A partial copy is required: transcribe exactly the lines from the one containing "Muffins Sjokolade 90g" through the last line below, without any pictures.
• • • • •
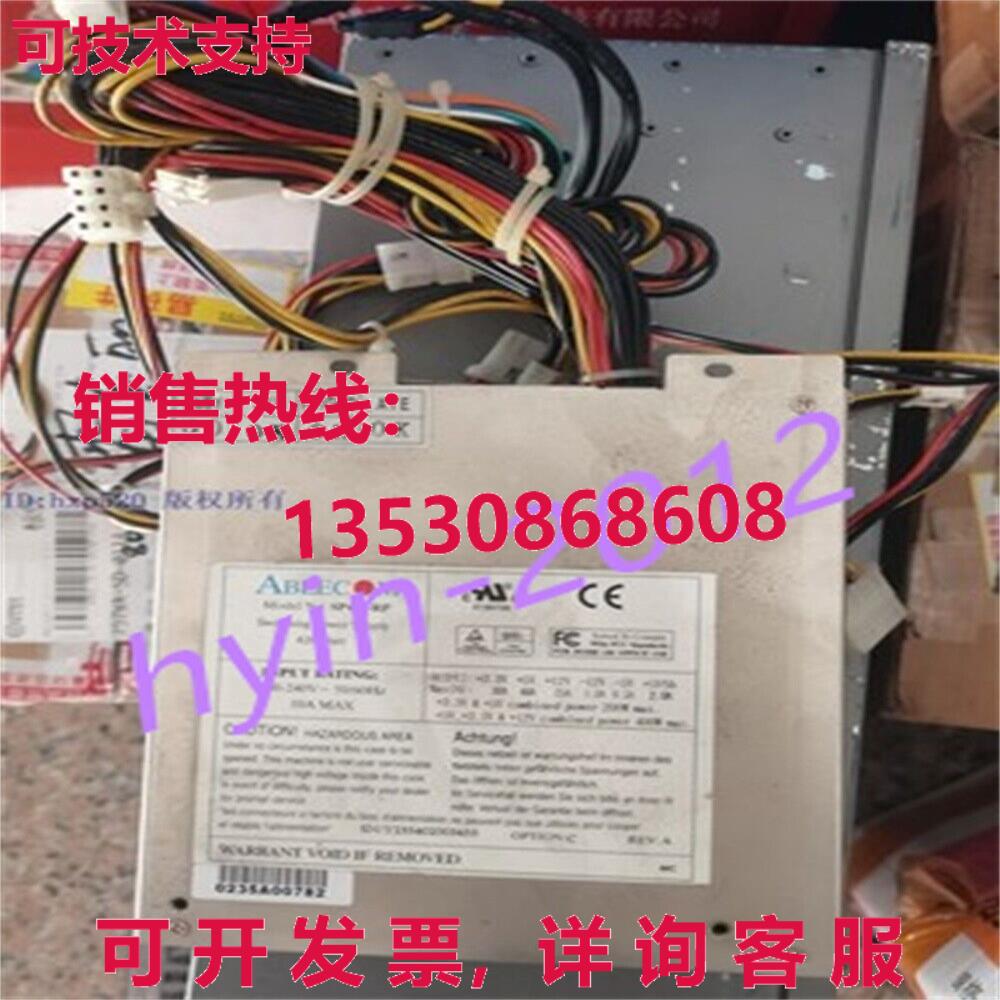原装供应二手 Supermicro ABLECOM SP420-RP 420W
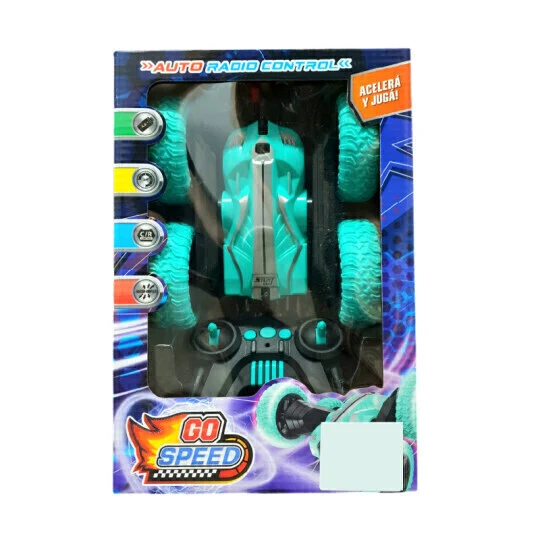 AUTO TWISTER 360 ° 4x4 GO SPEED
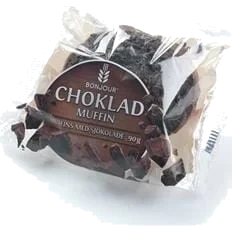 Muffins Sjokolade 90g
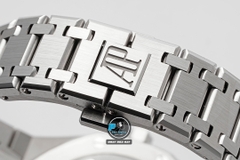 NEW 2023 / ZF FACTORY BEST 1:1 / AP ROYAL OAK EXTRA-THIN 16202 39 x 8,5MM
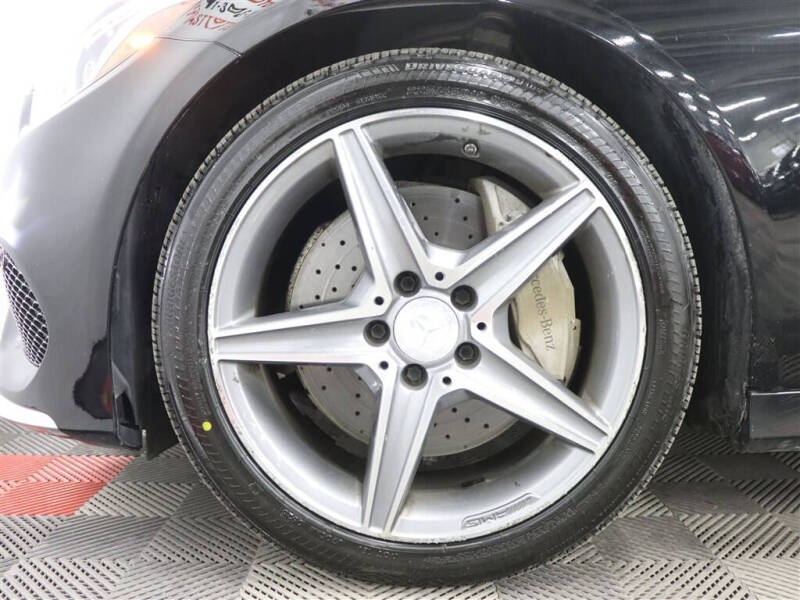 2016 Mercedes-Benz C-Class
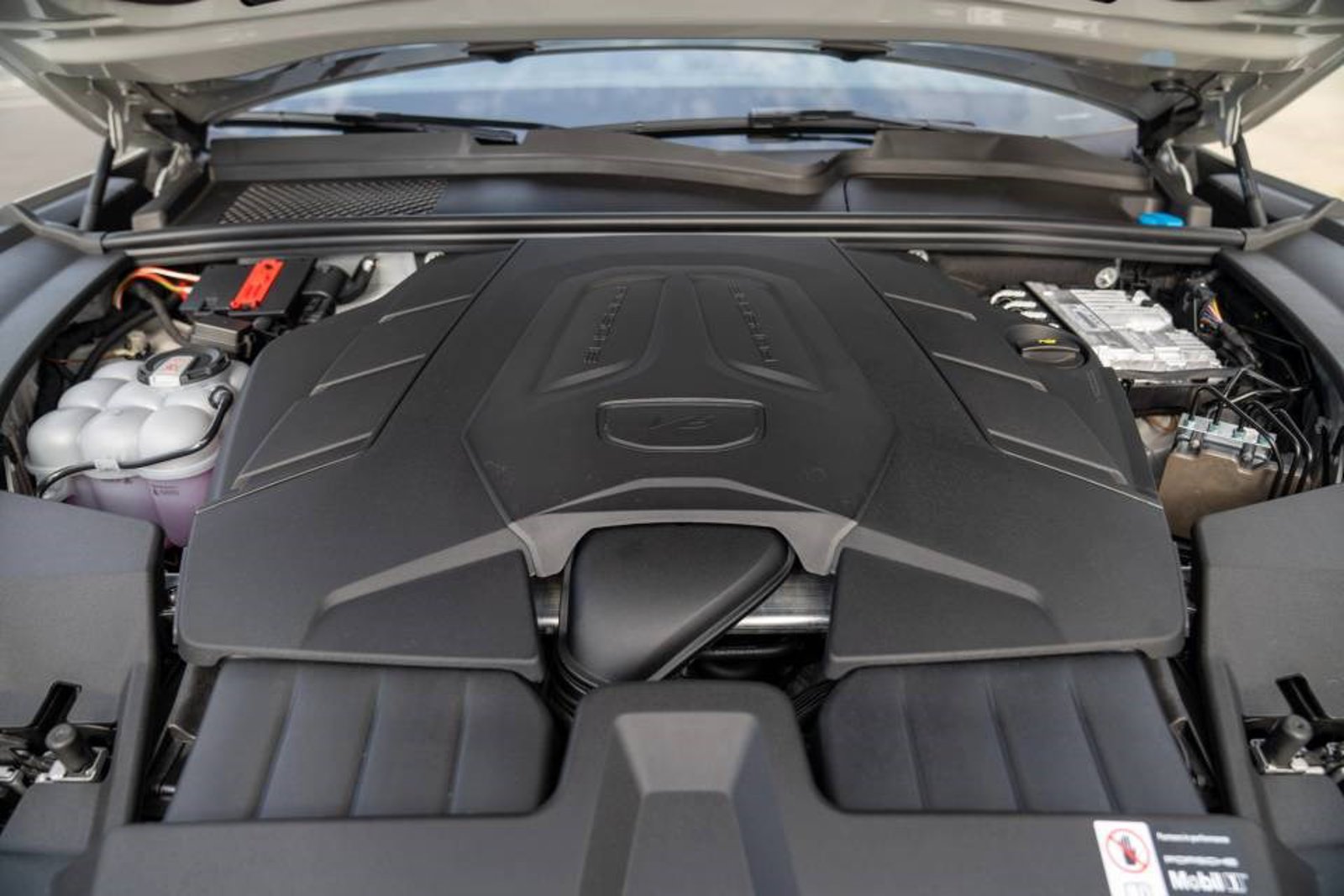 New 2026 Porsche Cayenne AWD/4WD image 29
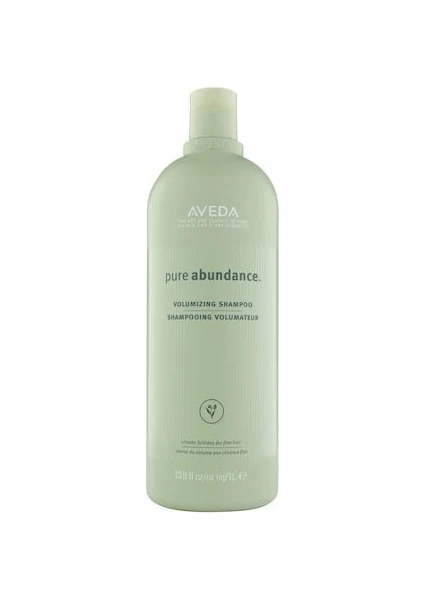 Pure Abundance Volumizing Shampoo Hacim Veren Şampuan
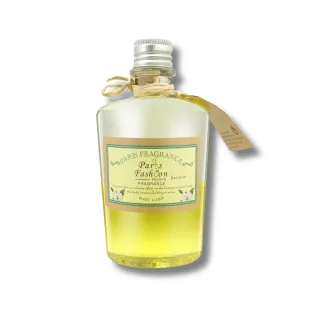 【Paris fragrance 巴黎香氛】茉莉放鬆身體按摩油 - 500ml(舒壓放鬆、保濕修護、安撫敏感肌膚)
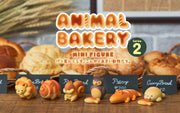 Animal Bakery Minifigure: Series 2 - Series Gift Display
• • • • •
» **SOLUTION TO THIS EXERCISE**
 Muffins Sjokolade 90g
 NEW 2023 / ZF FACTORY BEST 1:1 / AP ROYAL OAK EXTRA-THIN 16202 39 x 8,5MM
 2016 Mercedes-Benz C-Class
 New 2026 Porsche Cayenne AWD/4WD image 29
 Pure Abundance Volumizing Shampoo Hacim Veren Şampuan
 【Paris fragrance 巴黎香氛】茉莉放鬆身體按摩油 - 500ml(舒壓放鬆、保濕修護、安撫敏感肌膚)
 Animal Bakery Minifigure: Series 2 - Series Gift Display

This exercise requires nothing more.